How to tell if a code is lossless

Solution 1:

The property you are looking for is called unique decodability, usually abbreviated to UD. There is a fairly simple algorithm which decides whether a code is UD. The idea is essentially to perform a breadth-first search for two strings which code the same way; in your example ac and cb.

Let $S = \def\w#1{\mathtt{#1}}\{\w{010}, \w{001}, \w{01}\}$, as in your example. These words are called code words. We want to find two sequences of code words whose concatenations are the same.

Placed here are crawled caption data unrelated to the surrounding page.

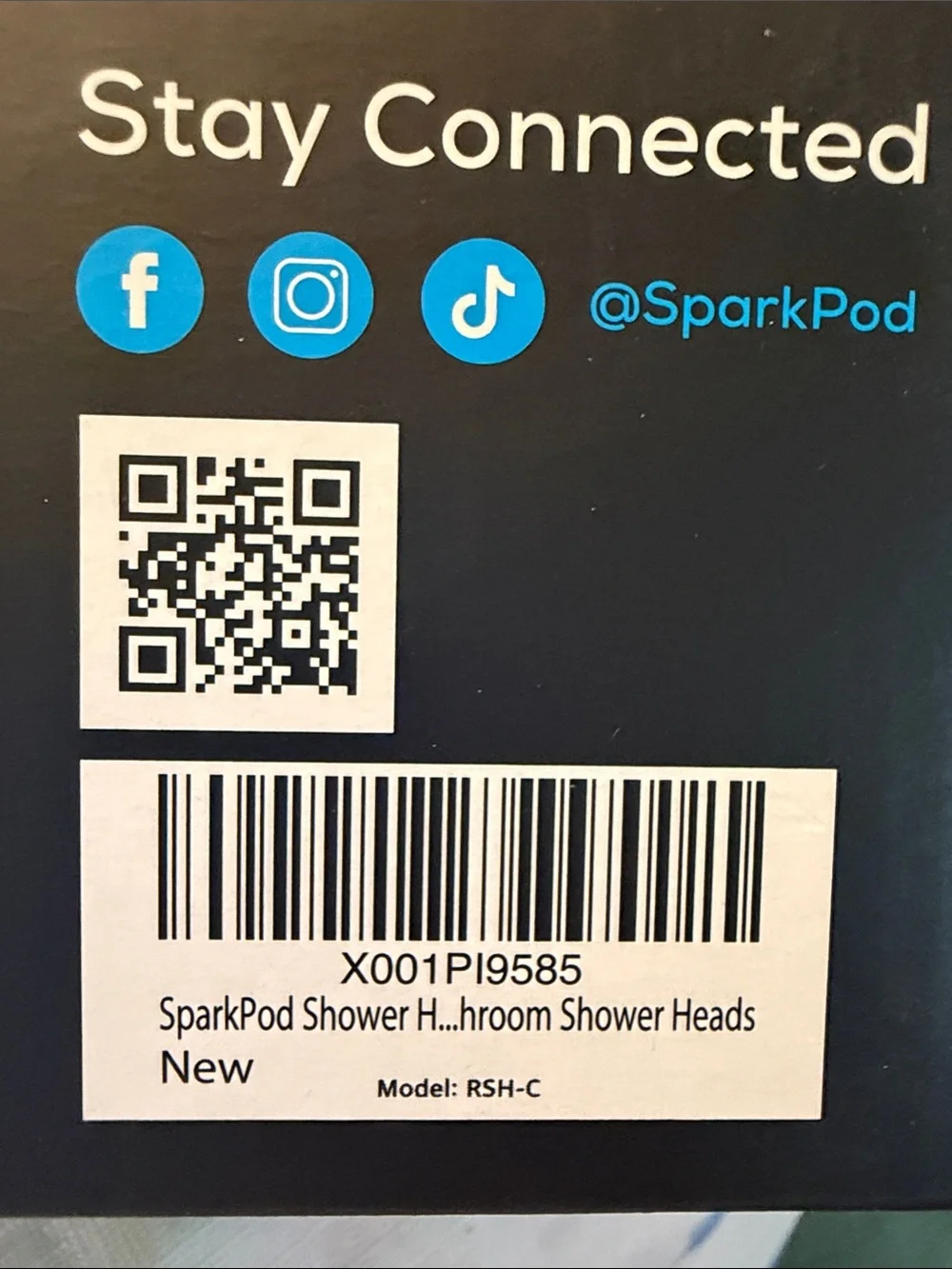 New in box! Sparkpod 6” Luxury Rainfall Shower Head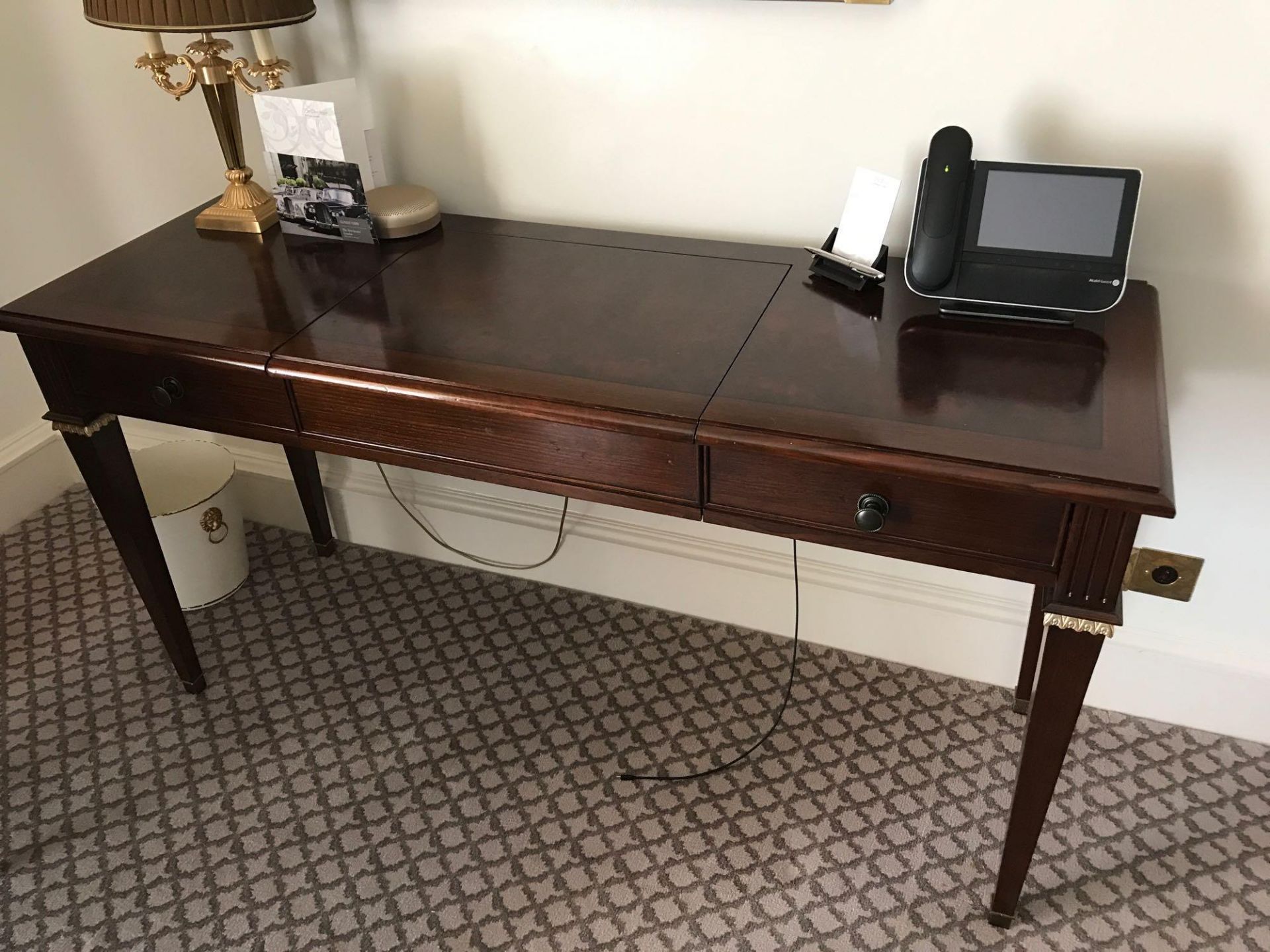 A Burr Mahogany Writing Desk / Dressing Table Fitted With Two Small Side Drawers The Central Panel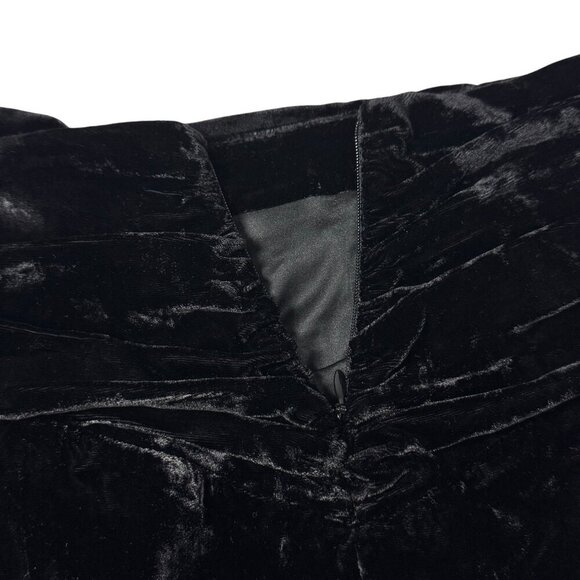 Revolve Lovers + Friends Merci Mini Skirt Sz.M Black Velvet Draped Waist Goth - Picture 10 of 13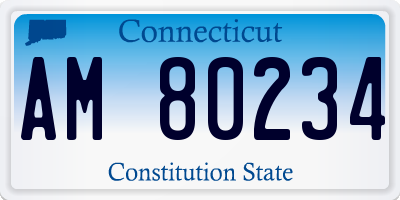 CT license plate AM80234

There is a simple theorem that says that this is impossible unless one code word is a prefix of another. (Otherwise, any concatenation of code words begins with exactly one of the code words, and this must be the first word from which it was composed.) So start by finding two words, one of which is a prefix of another; if there is none, the code is UD. In your example we find 01 and 010. Then we write $$\w{01}x = \w{010}y$$ and try to solve for $x$ and $y$. It is clear that $x$ must begin with 0, so we have either $x=\w{01}x'$ or $x = \w{001}x'$:
$$\begin{array}{lrl} \w{01}\,&\w{01}\,x' & = \w{010}\,y\\ \w{01}\,&\w{001}\,x' & = \w{010}\,y \end{array}$$

We may in general have to examine both of these possibilities. Examining the first of these, we see $\w{0101}x' = \w{010}y$, so $y$ must begin with 1, which is impossible, since no code word begins with 1, so we discard this equation. Examining the second equation instead, we see $\w{01}\ \w{001} x' = \w{010} y$, so $y$ must begin with 01. It must therefore be either 010 or 01. We recognize immediately that $y=\w{01}$ and $x'=\w{}$ solves the equation, and stop, having discovered that 01 001 = 010 01.

The formal statement of the algorithm has a queue of unexamined equations, each of the type $pv_1 = psv_2$ as above, where $p$ is a common prefix. This equation is represented in the algorithm with the single string $s$. For example, the equation we had above with $\w{01}\,\w{001}\,x'=\w{010}\,y$ has $p=\w{010}$ and $s=\w{01}$ and is represented in the algorithm as the string $\w{01}$.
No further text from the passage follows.